[Short descriptive text snippets]
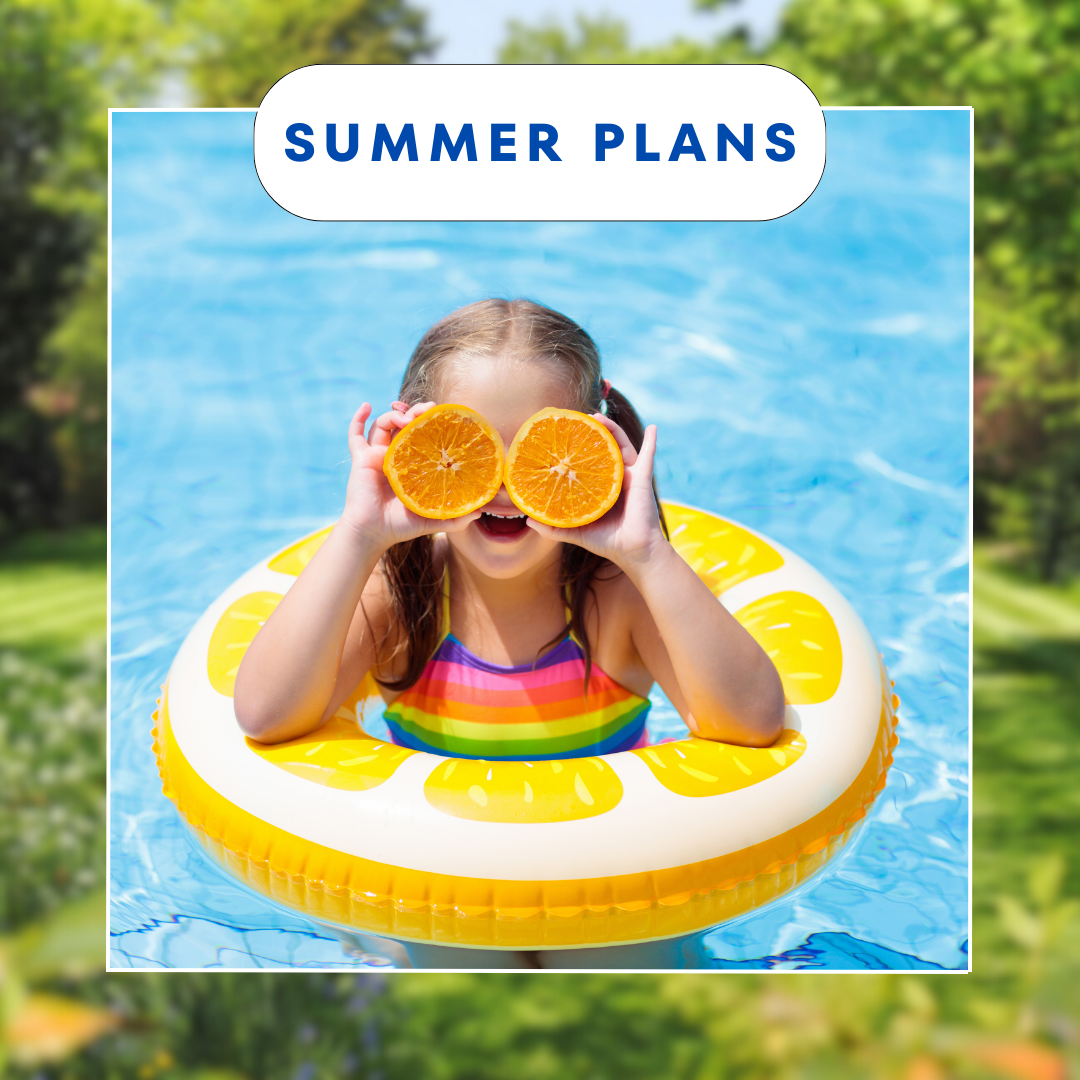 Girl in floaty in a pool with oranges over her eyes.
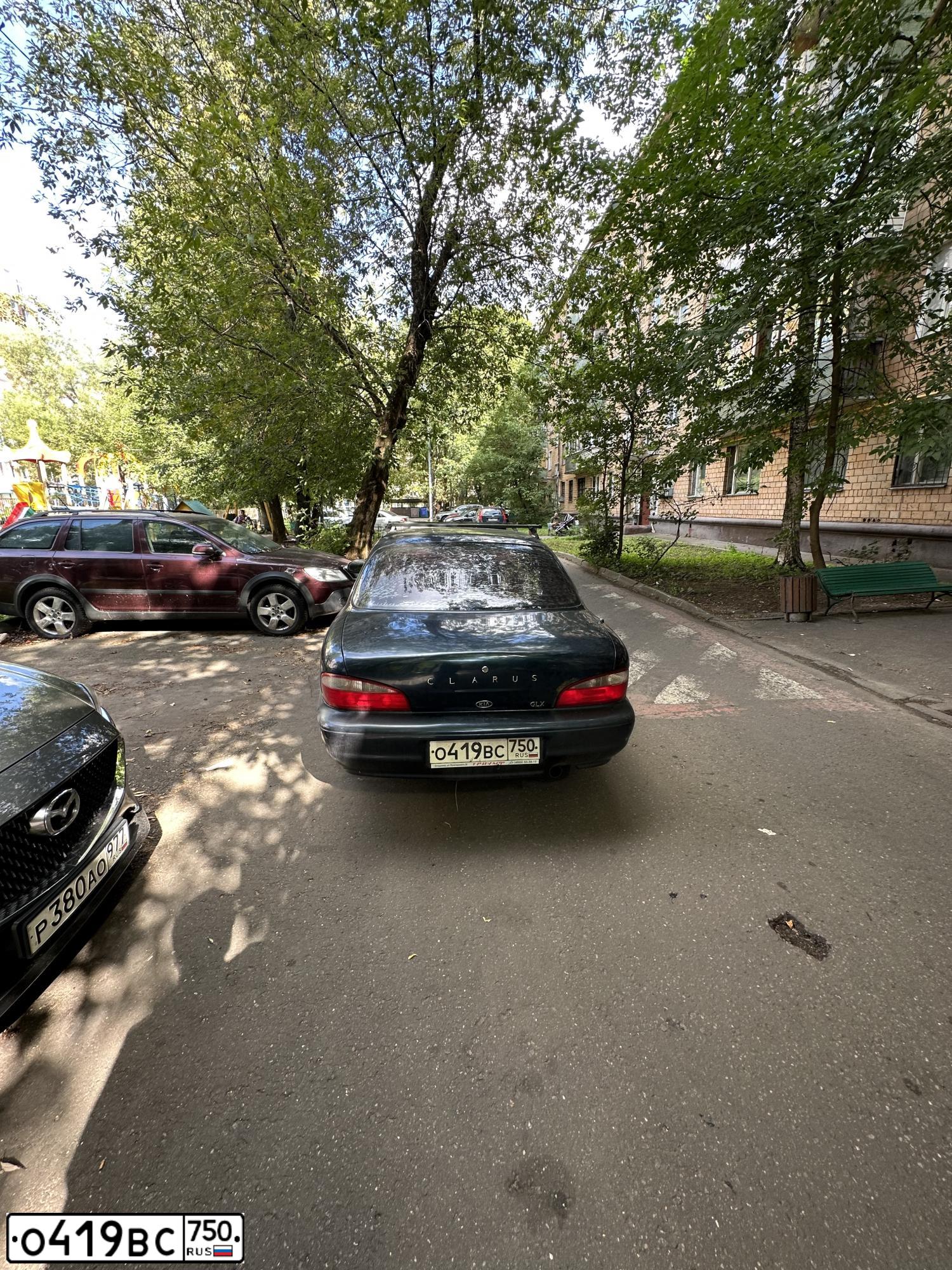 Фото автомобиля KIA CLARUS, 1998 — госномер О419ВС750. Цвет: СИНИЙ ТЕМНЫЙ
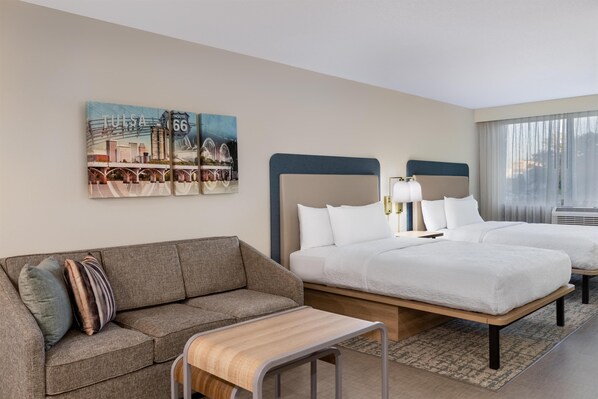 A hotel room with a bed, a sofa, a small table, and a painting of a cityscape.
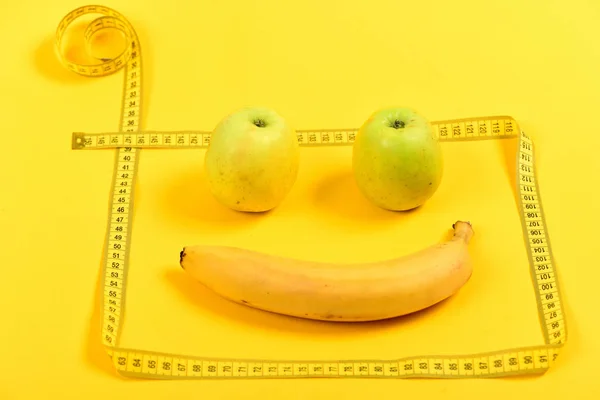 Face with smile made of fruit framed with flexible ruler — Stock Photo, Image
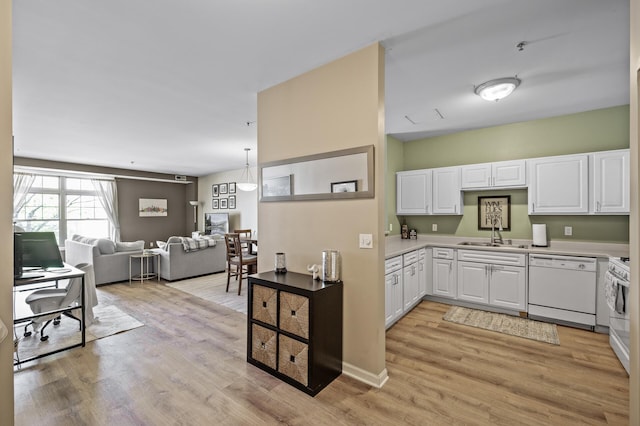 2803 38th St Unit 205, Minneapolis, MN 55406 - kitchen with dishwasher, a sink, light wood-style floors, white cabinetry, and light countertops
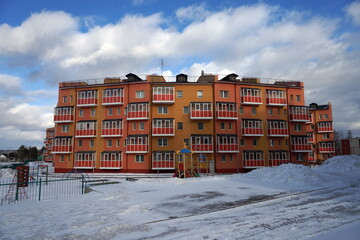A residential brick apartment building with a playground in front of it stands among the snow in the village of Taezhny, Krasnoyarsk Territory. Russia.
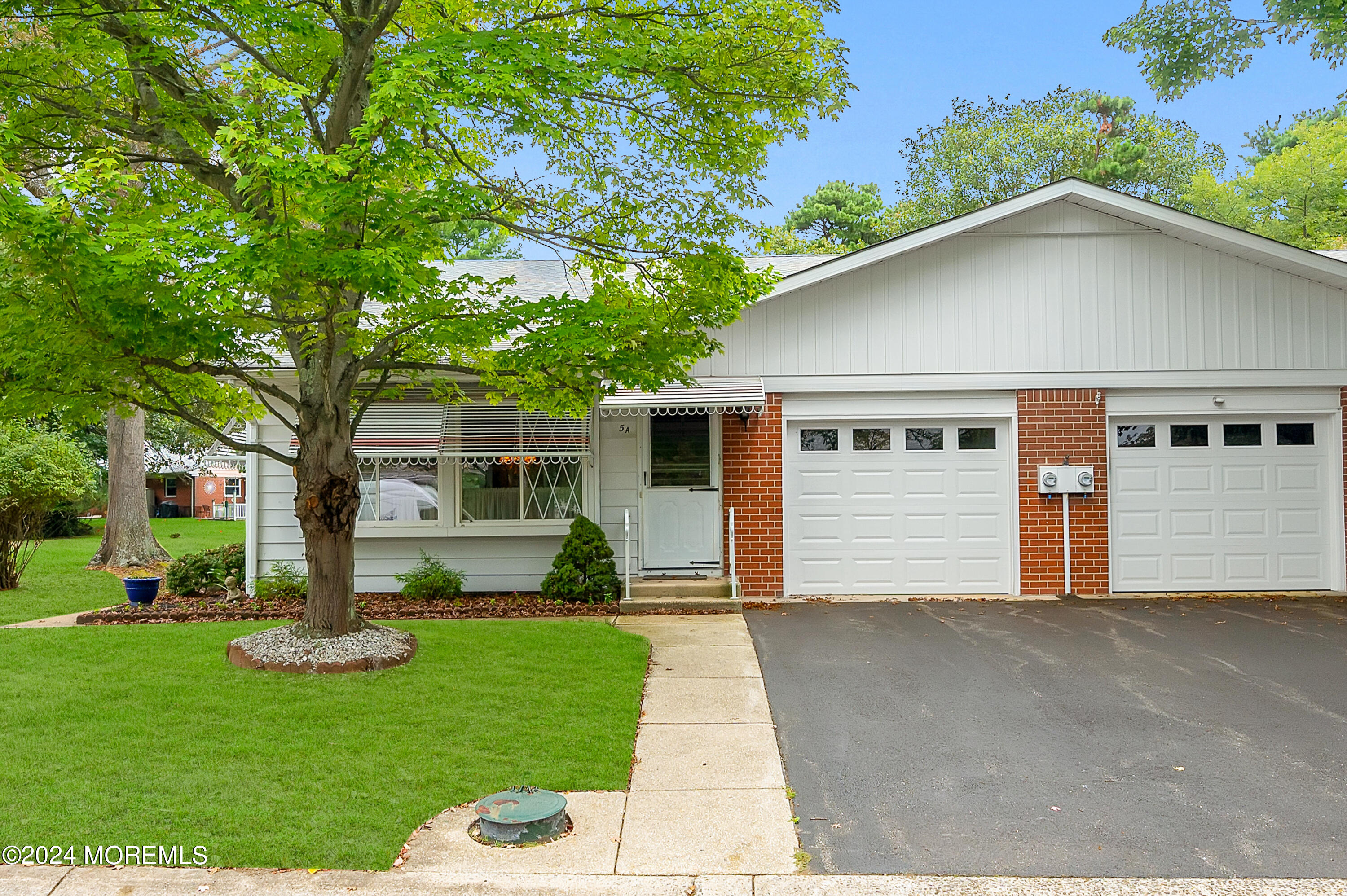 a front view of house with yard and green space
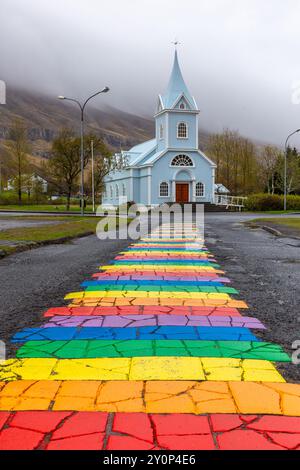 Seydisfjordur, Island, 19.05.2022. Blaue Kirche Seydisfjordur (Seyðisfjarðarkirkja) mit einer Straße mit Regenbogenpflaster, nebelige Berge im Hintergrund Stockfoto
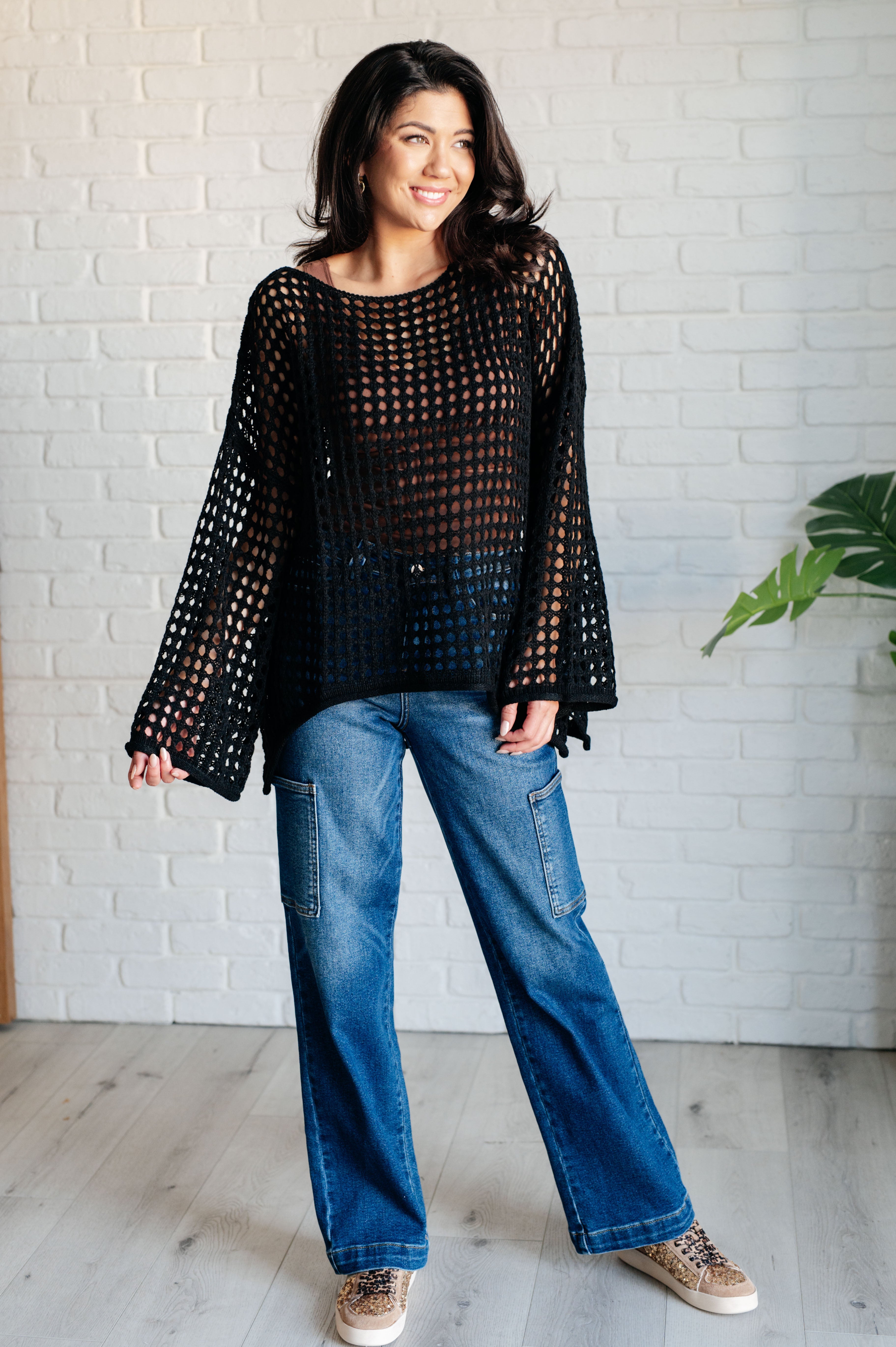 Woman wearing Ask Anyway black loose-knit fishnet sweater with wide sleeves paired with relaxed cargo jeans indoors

**Exercise**
All preceding records should be duplicated verbatim, images excepted.

**Solution for this problem**
 Girl in floaty in a pool with oranges over her eyes.
 Фото автомобиля KIA CLARUS, 1998 — госномер О419ВС750. Цвет: СИНИЙ ТЕМНЫЙ
 A hotel room with a bed, a sofa, a small table, and a painting of a cityscape.
 Face with smile made of fruit framed with flexible ruler — Stock Photo, Image
 2803 38th St Unit 205, Minneapolis, MN 55406 - kitchen with dishwasher, a sink, light wood-style floors, white cabinetry, and light countertops
A residential brick apartment building with a playground in front of it stands among the snow in the village of Taezhny, Krasnoyarsk Territory. Russia.
 a front view of house with yard and green space
 Seydisfjordur, Island, 19.05.2022. Blaue Kirche Seydisfjordur (Seyðisfjarðarkirkja) mit einer Straße mit Regenbogenpflaster, nebelige Berge im Hintergrund Stockfoto
 Woman wearing Ask Anyway black loose-knit fishnet sweater with wide sleeves paired with relaxed cargo jeans indoors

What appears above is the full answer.